Mumbai is a narrow strip of seven connected islands, inadequately linked to the vast hinterland. Over the past 60 years or more, successive governments have deliberately failed to build more connectors in the fear that decongesting Mumbai might lower property prices, which are among the highest in the world.

The grip of land sharks over development decisions is clear from the fact that most successful politicians in Mumbai are big players in the building and construction industry.

In the 26 years since India began its economic liberalisation, Mumbai has struggled to find room for new office space to meet exploding economic growth. Some 25 years ago, Elphinstone Road and Lower Parel were sleepy stations that connected huge derelict textile mills at the centre of Mumbai.

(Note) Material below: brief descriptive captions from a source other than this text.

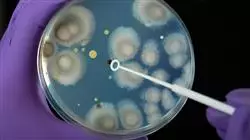 estudiar diagnostico bacteriologia micologia enfermedades importadas
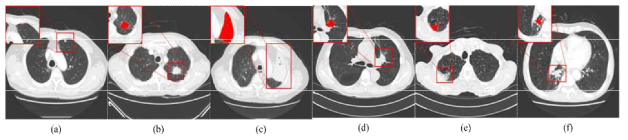 다양한 크기, 서로 다른 위치와 형태를 가진 폐암의 예 (a) 작은 크기 종양 (b) 중간 크기 종양 (c) 큰 크기의 종양 (d) 종격동 부착 종양 (e) 흉벽 부착 종양 (f) 혈관 부착 종양 (빨간색: 폐종양)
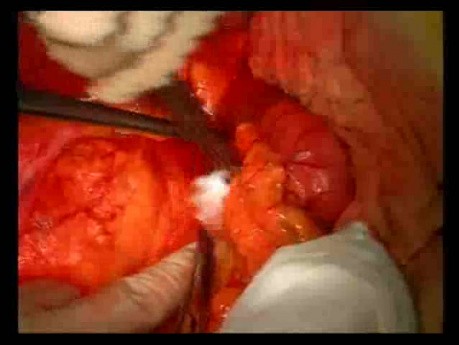 Open Right Hemicolectomy – Technical Principles - Operation No 1B - Part 2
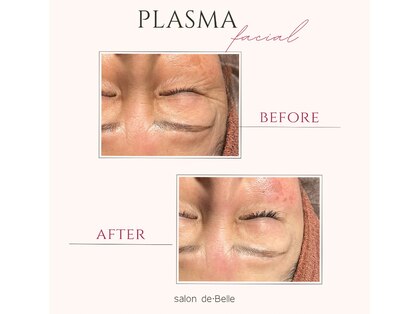 サロンドベル(salon de Belle)の写真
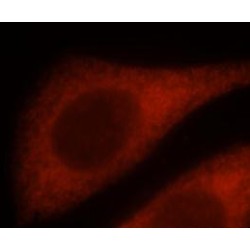Interferon-Induced Transmembrane Protein 3 (IFITM3) Antibody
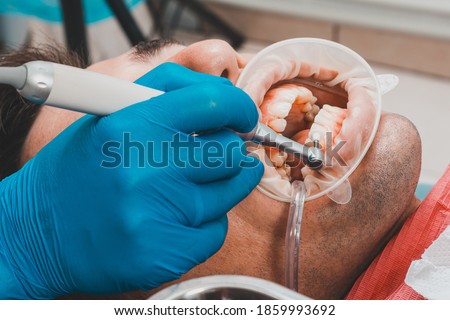 patient removing tartar,the dentist uses ultrasound to remove tartar,dental scaler. Royalty-Free Stock Photo #1859993692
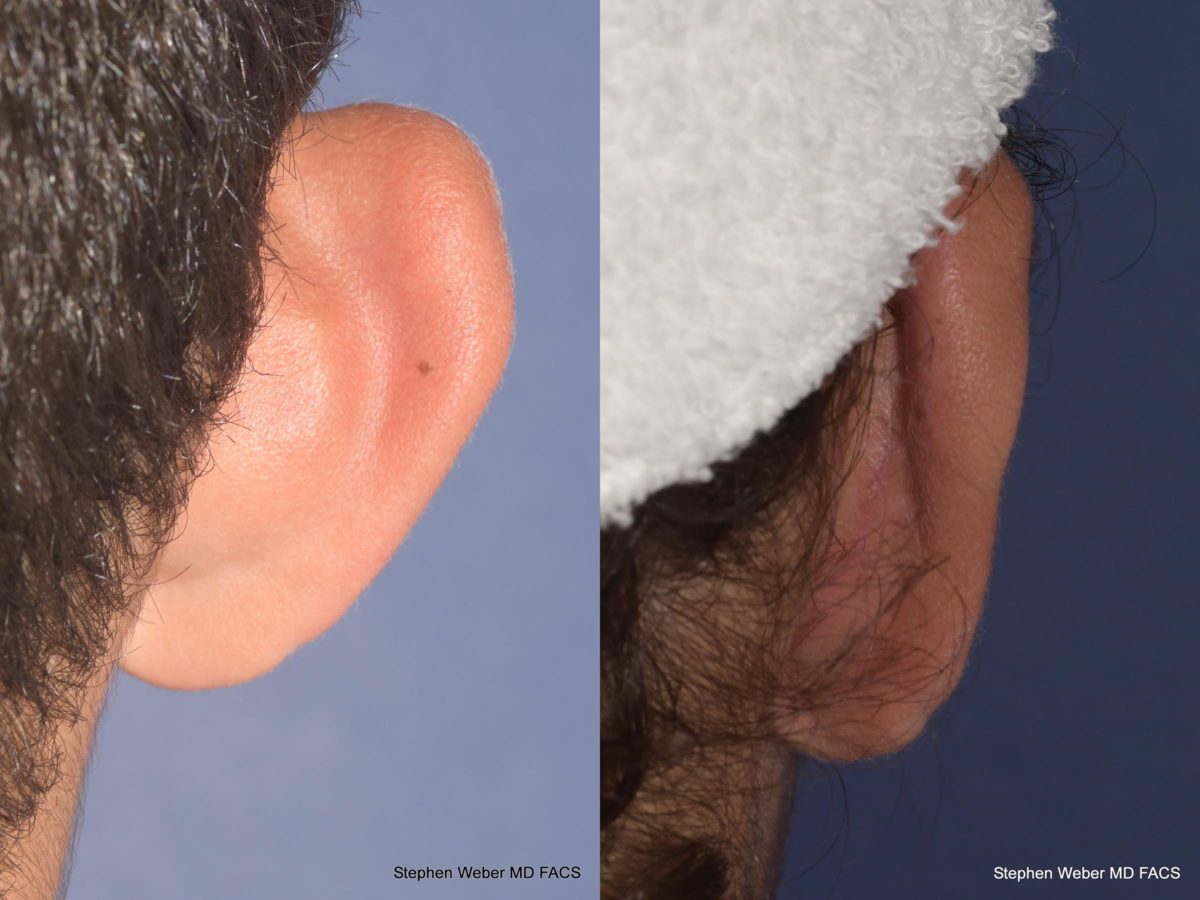 Otoplasty Before and After | Weber Facial Plastic Surgery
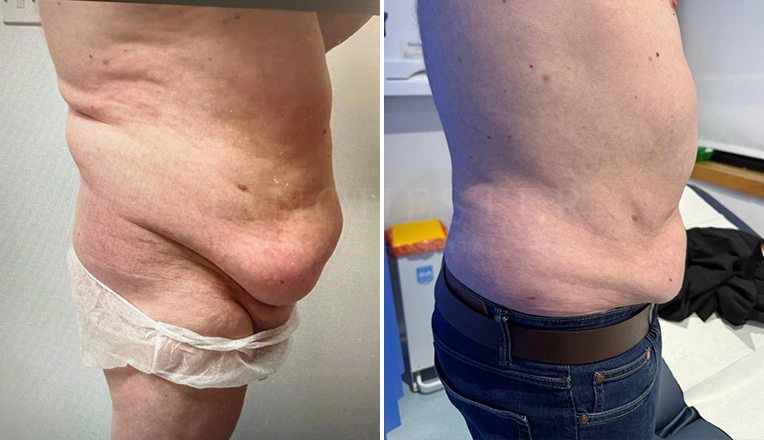 vaser lipo male abs before and after-16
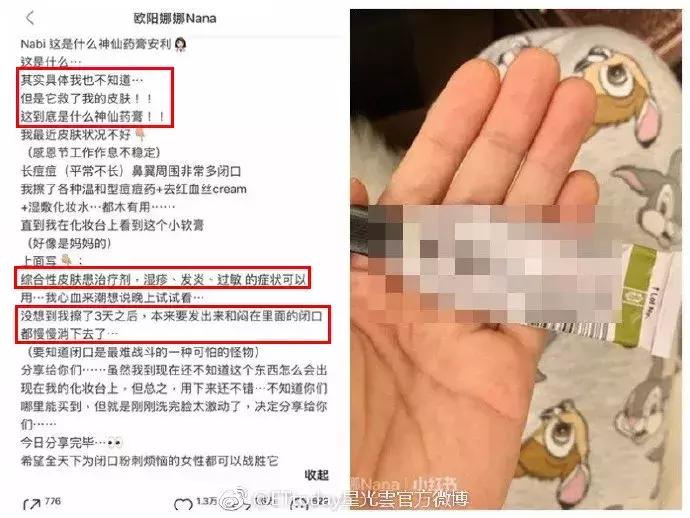 欧阳娜娜擦的药膏,欧阳娜娜擦什么药膏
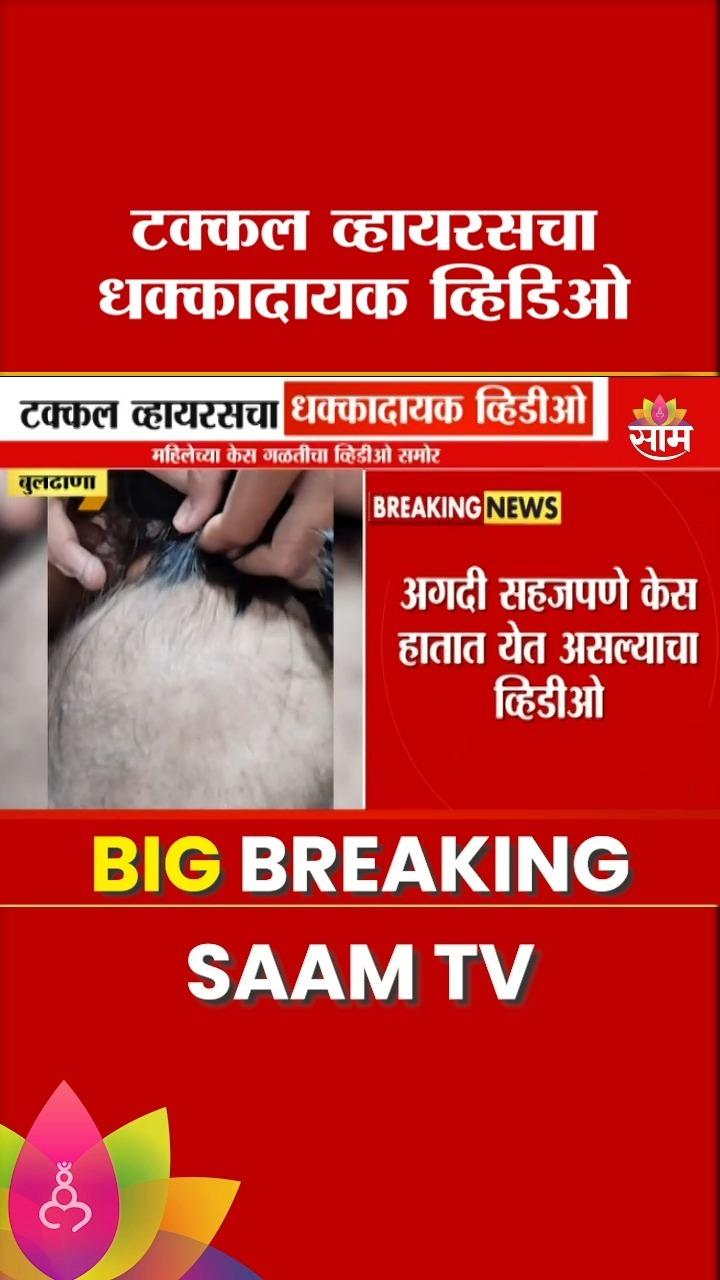 Buldhana Takkal Virus: बुलढाण्यातील महिलेच्या केस गळतीचा व्हिडीओ समोर 

#buldhana #takkalvirus #saamtvnews #viralvideo #hairloss us

Buldhana Takkal Virus: Video of woman losing hair in Buldhana surfaces
A shocking video has emerged from Buldhana, showing a woman experiencing severe hair loss, allegedly due to the mysterious "Takkal Virus
The incident has sparked concerns among locals, prompting health authorities to investigate the matter urgently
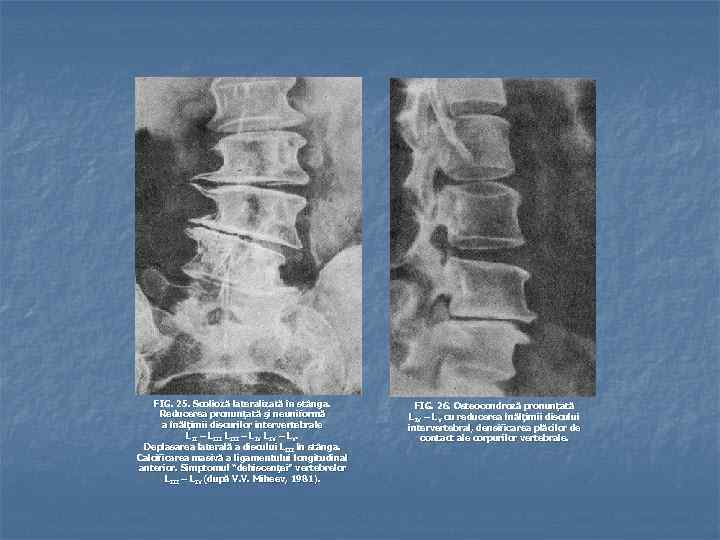 FIG. 25. Scolioză lateralizată în stânga. Reducerea pronunţată şi neuniformă a înălţimii discurilor intervertebrale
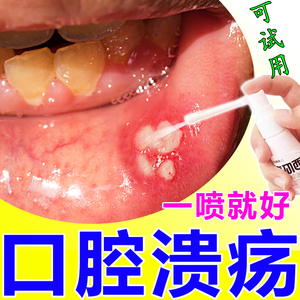 治口腔溃疡的药喷剂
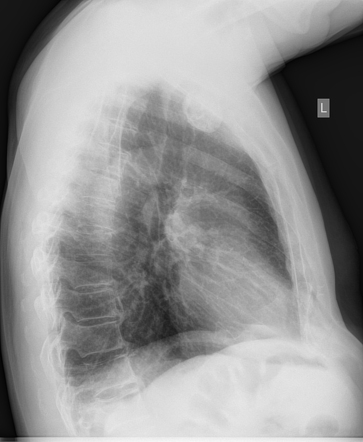 Calcified anterior mediastinal mass - thyroid nodule | Image ...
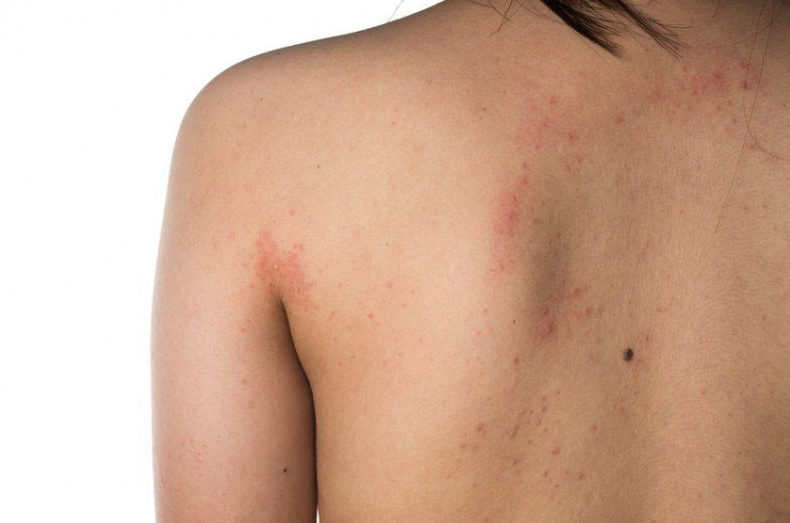 Da body nổi mẩn đỏ là hiện tượng thường gặp và gây ra cảm giác ngứa ngáy, khó chịu cho nhiều người.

An aggressive trade union agitation gone wrong killed the textile mills in the 1980s. Since then, the mill owners have converted their sprawling properties into ultra-modern offices, super-luxury restaurants and malls.

But while the developers walked away with fat profits and businesses moved in, nobody bothered to improve the infrastructure. As a result, these hubs are poorly connected by road, but for some hastily built flyovers.

The suburban railway remains the primary mode of transport, with Elphinstone Road and Lower Parel hopelessly inadequate to meet the burgeoning passenger traffic. According to Pankaj Kapoor, managing director of Liasis Foras, a real estate research firm, 6 million sq ft of commercial space was added to this hub in the past decade while another 4 million sq ft is to come on stream. The number of commuters using the two stations has increased by more than half a million – without any change in railway infrastructure.

Why the Indian state is afraid of the Right to Information

Things were made worse by the fact that the railways are controlled by a central ministry, and its callous bureaucracy ignored repeated appeals from the public as well as parliamentarians drawing attention to the dangerously overcrowded bridge for three years.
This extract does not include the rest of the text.